A few years ago when I was fresh out of media college I got regular work from a company that specialised in luxury hotels around the world. Lots of travel and I had little no other work so I said yes to pretty much everything without question (I know, I've learned a lot since then). The company director seemed decent enough at first, but little did I know he was going to turn into something like a villain out of a Netflix doc.
He was in in his early fifties, had a real chip on his shoulder, and was the embodiment of the term 'the great pretender'. No judgement for where people have started out in life, but the facade would quickly fall apart whenever he tried to schmooze with hotel managers and talk about the finer things in life. His lies always tended to unsettle them, but he was oblivious to this because he thought he'd convinced them at every turn that he was the real deal. Incidentally I always got on well with these hotel managers and he was deeply jealous of this, chastising me about talking with them (when they had struck up conversations with me first), telling me about how I have to learn how to engage in dialogue with them using himself as an example. That didn't stop him from asking me to write his emails for him on behalf of the company, negotiating prices for his next shoots. Again, how naive I was to see those figures and not demand an extra zero on my rate.
He was also a raging alcoholic in denial. I don't drink that much, and not at all when I'm on a job because I need to be in top condition the next day, especially because I fly drones. At any meals we had on a shoot together the routine was explained to me in hushed tones and gestures – he would order a bottle of wine and I was to split it with him. He would then finish one glass and swap it with mine whenever hotel staff weren't looking, rinse and repeat until the bottle was finished. This was typically lunch and dinner; he moderated himself to beer from his minibar during breakfasts. Bear in mind all our meals and accommodation were comp'd by the hotels we shot in, they would see what we were ordering on our bills/tabs, so he wanted to make it seem as if this alcohol was spread across both of us.
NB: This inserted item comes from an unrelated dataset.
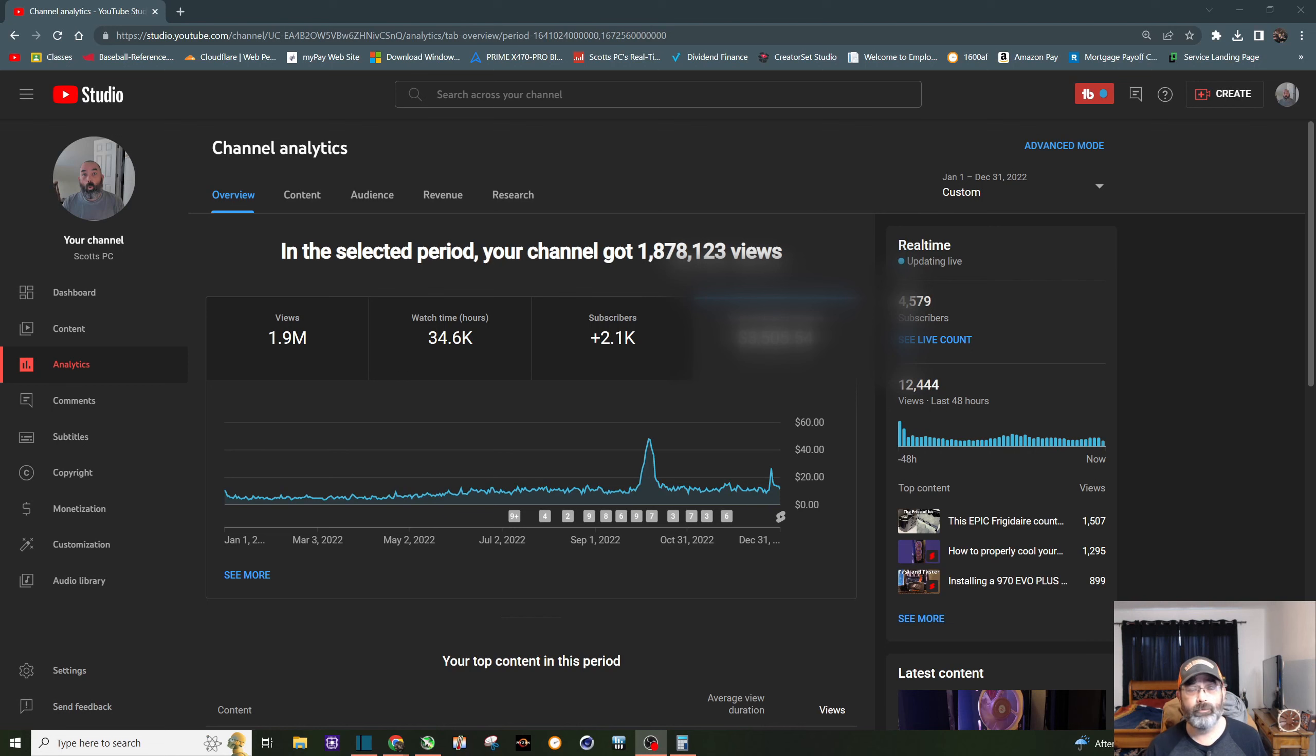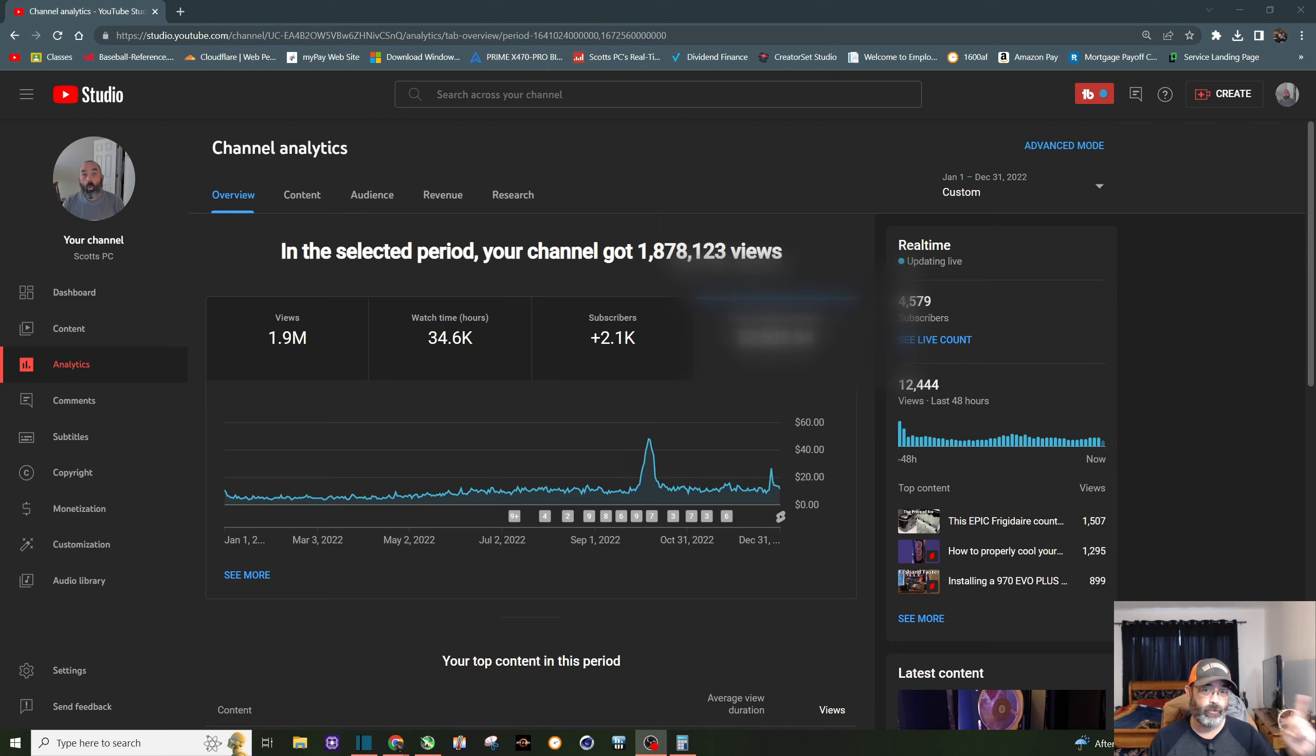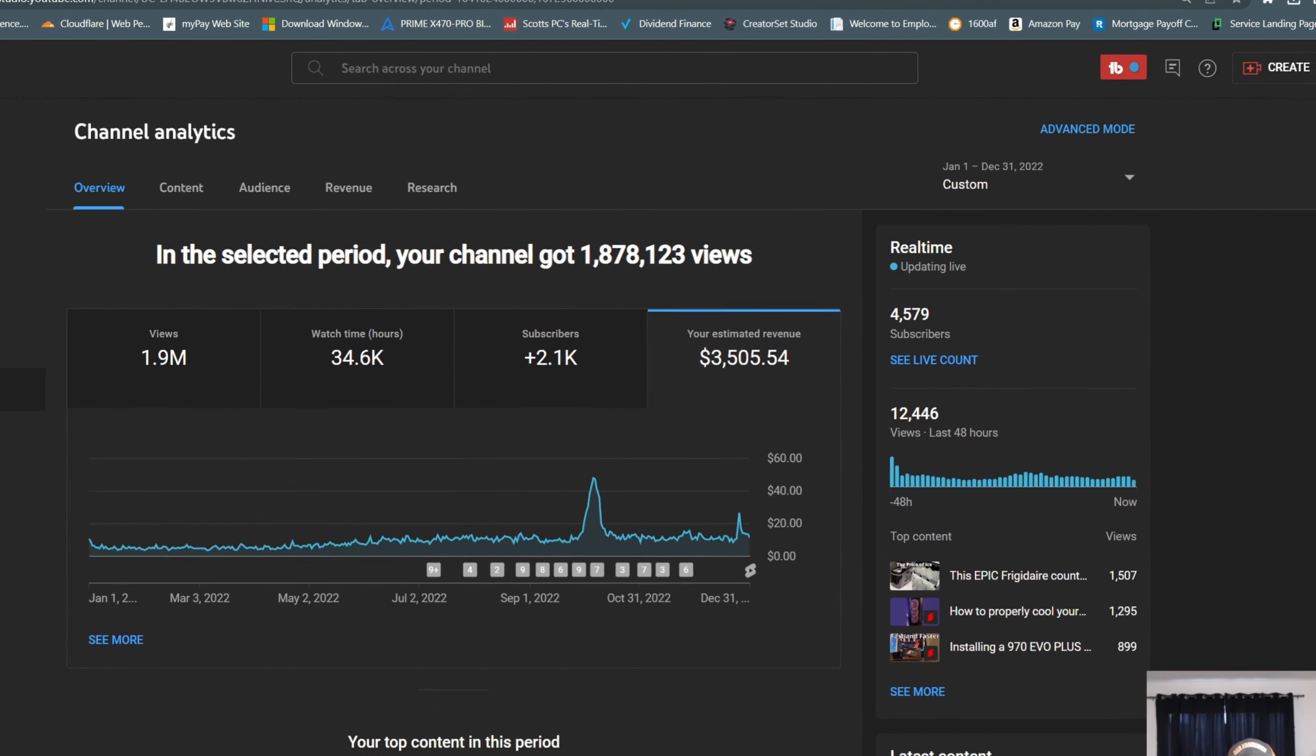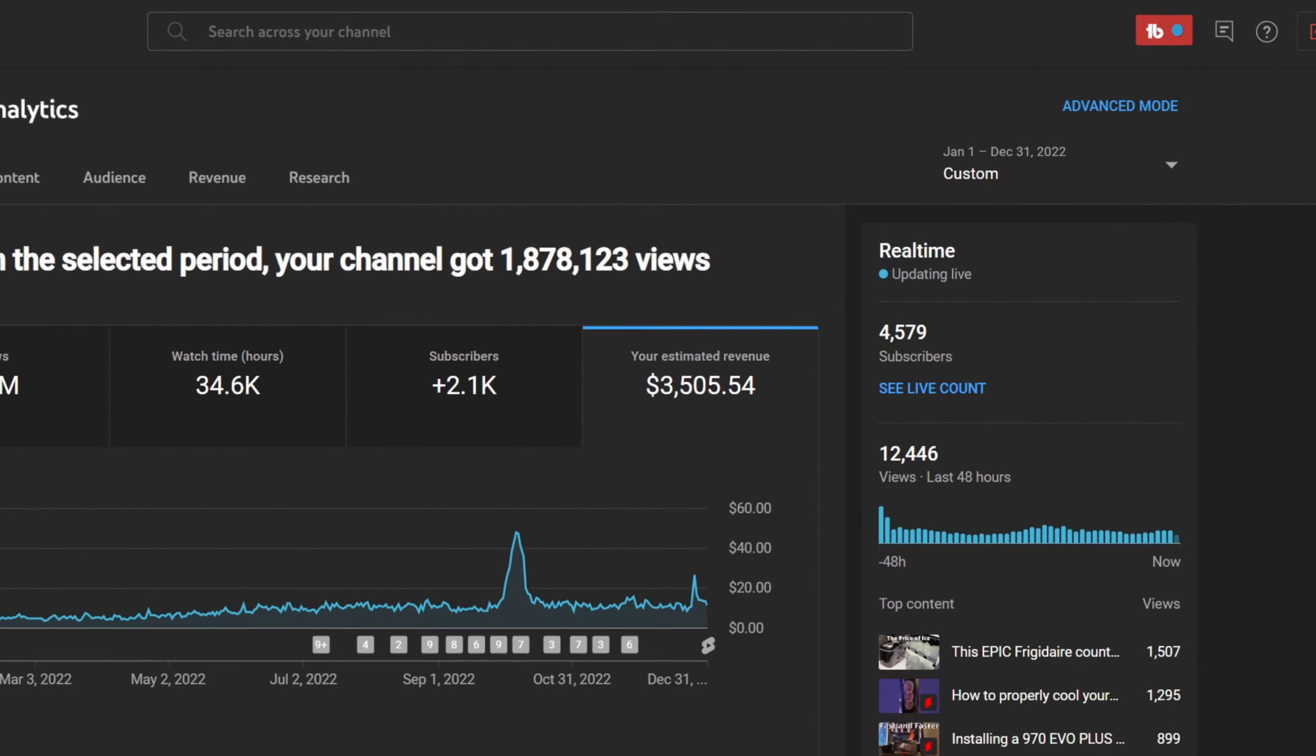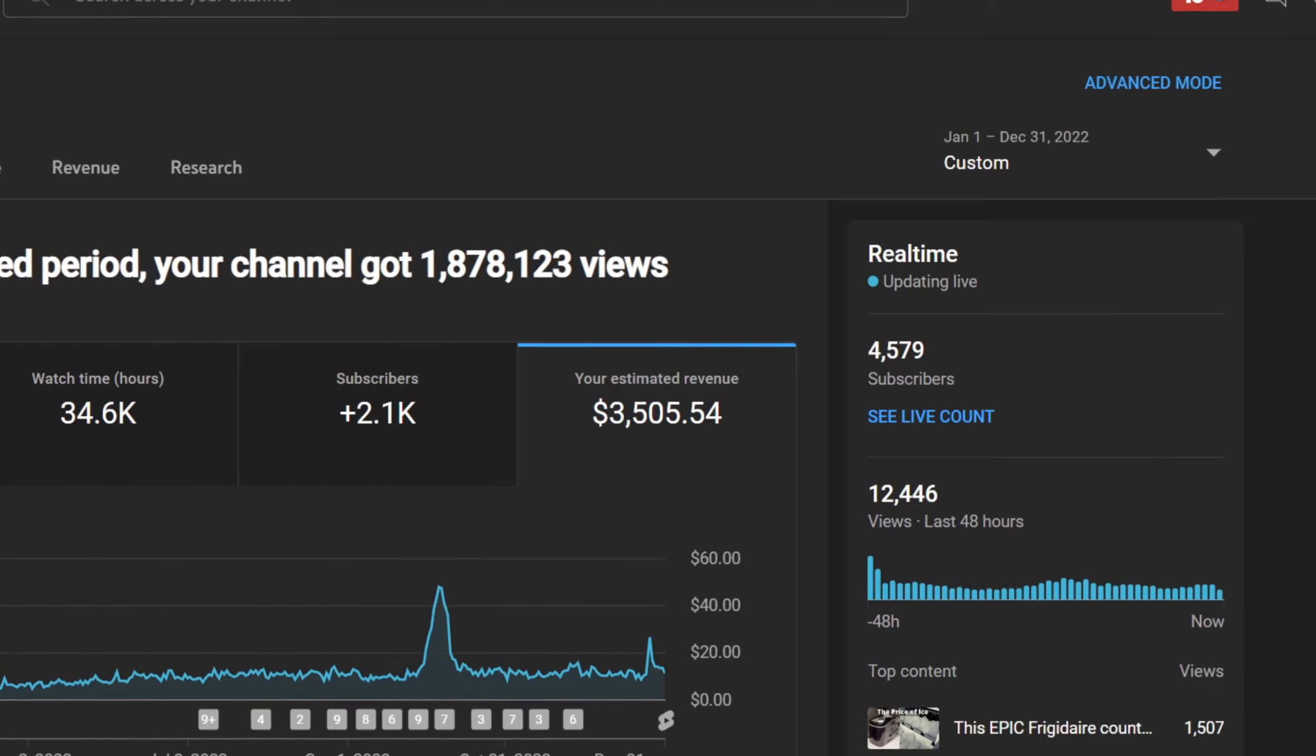And now for all of 2022, the money I've made from Google AdSense, can I get a drum roll please? $3,505.54.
There was one job in particular, and I kid you not, he full on fell asleep face-first in his bolognese in front of the entire crew, agency, and hotel staff because of how smashed he was. It was like something out of a cartoon, and while everyone laughed it off it was a wake up call to me about this guy. I could go on and on with examples of his relationship with alcohol but it makes me feel more foolish for not seeing it sooner.
In terms of payment, my rate was laughable compared to market value at the time, and I make more in a day today with ground cameras only than I would do in over a week with him filming from the ground and drone. Payment was always late by about 2-3 months, and when I started to demand payment be fulfilled before I take on any more work, he tried to negotiate the pitiful rate down further after the fact, stating he was “just looking for some flexibility, my other freelancers do it all the time”.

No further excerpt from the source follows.